The Single European Sky policies have decreased average delays to half a minute. This is a significant improvement over the delays experienced by travellers in the 1990s and 2000s.
The following advantages are expected from the proposed improvements:
- Triple capacity of European ATM
- Reduce flight times by 10%
- Reduce delays and cancellations by 50%
- Cut CO2 emissions by up to 10% (50 million tonnes)
- Cut annual fuel costs by €5.5 billion per airline
- Create 328,000 jobs across Europe.
These European airspace enhancements will greatly benefit travelers, airlines, and the environment.
THE FUTURE OF THE SINGLE EUROPEAN SKY
The first SES Act was enacted in 2004, and it was revised in 2009. Since then, more modifications have been proposed, although they have not yet been fully implemented. Critics accuse the member nations of a “lack of commitment.”

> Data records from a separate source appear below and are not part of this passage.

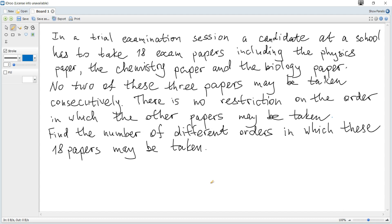There are 18 exam papers in total, including the Physics paper, the Chemistry paper, and the Biology paper. No two of these three papers may be taken consecutively. There is no restriction on the order in which the other papers may be taken. Find the number of different orders in which these 18 papers may be taken.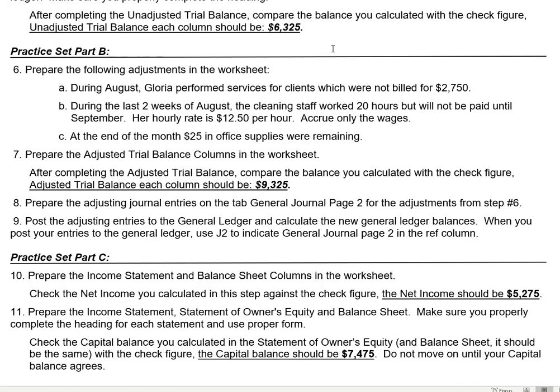We're going to prepare the adjustments in the worksheet. We started the worksheet in the last part and did our trial balance columns. So let's post our first adjustment. During August, Gloria performed services for clients which were not billed — for $2,750. That means she performed the services and satisfied the performance obligation.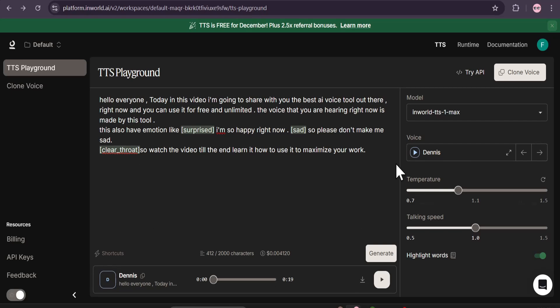Hello everyone. Today in this video I'm going to share with you the best AI voice generator which is free right now. You can use it for free and unlimited time. Let me show you a demo first.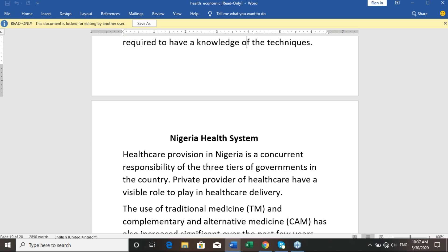By the grace of God, when next we meet, we will finish it once and for all. I wish each and every one of us the best of luck. I pray that we will all pass our exams. Once again, I say goodbye. When next we meet, make sure you stay safe, adhere strictly to all hygiene rules as prescribed by the NCDC — wash your hands regularly, cover your nose, ensure physical or social distance. Thank you and God bless.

The European Commission (EC) and organisations like The International Air Transport Association (IATA) are now urging EU and Schengen nations to fully implement the suggested reforms and integrate them into a single coordinated ATM system.
Air navigation service providers (ANSPs) across Europe are being asked to support the reforms and work together to put them into effect.
The COVID-19 epidemic and the climate problem, according to Willie Walsh, Director General of IATA, are two reasons why the Safe European Sky is more crucial than ever. The SES might be critical in assisting the EU recovery strategy by restoring regular travel in Europe following the coronavirus.
Walsh was said to have said:
“The COVID-19 situation makes the SES’s efficiency improvements more crucial than ever.” And, given the current climate catastrophe, the benefits of sustainability are critical. Europe speaks a good game when it comes to the value of sustainability and competitiveness. With the SES, it’s time to put words into action. If the combined weight of the climate issue and the COVID-19 dilemma aren’t powerful enough reasons for SES, I’m not sure what is.”
In terms of travel, the EU is about to experience a number of changes in the near future. With the new ETIAS rule, this may be an excellent moment to move forward with the SES.